Secondly, it it worth getting if I'll only be able to play most 3 or 4 player games.

No. It's not as extreme a "5 is the only number worth playing" case as BSG, but if you're never going to go above 4 then I wouldn't bother. 3 is particularly bad because you're always encountering the same people and the alliance aspect is too weak.

The General
Mar 4, 2007


zandert33 posted:

Looking for the goon opinion on Cosmic Encounter:

Firstly, the overall game looks pretty simple in concept, but gains complexity in the negotiation aspects, is this a correct assumption? I somehow got the idea the game was more "complex" so avoided it, but have lately learned that maybe my first impression was completely off.

Secondly, it it worth getting if I'll only be able to play most 3 or 4 player games.

Honestly wasn't too interested in the game until just now, but after checking out some info I'm really interested.

My opinion is probably wrong, but CE is randomly flipping a card to see who you get to randomly attack. At which point you can offer for people to help (And they randomly will depending on the phases of the moon and if they care to help), then you might aswell play a random card from your hand and hope for the best.

Oh, and there's a good chance that you'll (randomly) get a lovely power and be screwed the entire game.

Some Numbers
Sep 28, 2006

"LET'S GET DOWN TO WORK!!"
The General's assessment is pretty spot-on. I have played Cosmic Encounter twice and I really didn't like it. What power you get is random, who you attack is random, whether you win or not is random.

I feel like there's very little strategy.

Broken Loose
Dec 25, 2002

PROGRAM
A > - - -
LR > > - -
LL > - - -

zandert33 posted:

Looking for the goon opinion on Cosmic Encounter:

Firstly, the overall game looks pretty simple in concept, but gains complexity in the negotiation aspects, is this a correct assumption? I somehow got the idea the game was more "complex" so avoided it, but have lately learned that maybe my first impression was completely off.

Good news: So the game actually has some strategy to it. It's not entirely random.

Bad news: There is only a single strategy and it is literally the Munchkin strategy. Everybody gets 1 point from winning and then the game goes forever until either somebody gets lucky or all the players gang up on a single other player and it ends in an x-1 way tie where x is the number of players.
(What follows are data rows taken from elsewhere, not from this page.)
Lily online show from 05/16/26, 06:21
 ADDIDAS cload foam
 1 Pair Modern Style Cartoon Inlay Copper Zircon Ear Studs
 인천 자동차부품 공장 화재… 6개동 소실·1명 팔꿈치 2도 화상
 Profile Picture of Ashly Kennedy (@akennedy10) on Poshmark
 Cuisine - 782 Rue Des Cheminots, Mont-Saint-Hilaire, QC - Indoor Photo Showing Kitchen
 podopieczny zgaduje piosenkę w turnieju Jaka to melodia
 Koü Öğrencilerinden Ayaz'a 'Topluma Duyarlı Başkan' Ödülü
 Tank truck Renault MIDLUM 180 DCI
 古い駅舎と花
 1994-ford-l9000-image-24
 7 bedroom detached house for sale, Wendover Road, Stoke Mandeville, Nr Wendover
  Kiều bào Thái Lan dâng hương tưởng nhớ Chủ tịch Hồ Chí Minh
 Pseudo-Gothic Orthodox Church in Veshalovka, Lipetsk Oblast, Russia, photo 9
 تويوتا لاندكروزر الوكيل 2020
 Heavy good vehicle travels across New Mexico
Each group I have tried this game with has discovered this strategy within a maximum of 3 plays.


Also, some powers are amazing and others are loving terrible. The designer suggestion is that it's "balanced" because of player politics.

Red Dad Redemption
Sep 29, 2007

My comment was actually replying to Broken Loose about Resistance: Avalon, which outright requires five players, but thanks to everyone for the replies, which are very helpful in my case since they mean I'm in pretty much the same situation with either Resistance: Avalon or BSG, as potential games with a traitor dynamic. That being the case, I'll probably take Broken Loose's suggestion and get Resistance: Avalon first.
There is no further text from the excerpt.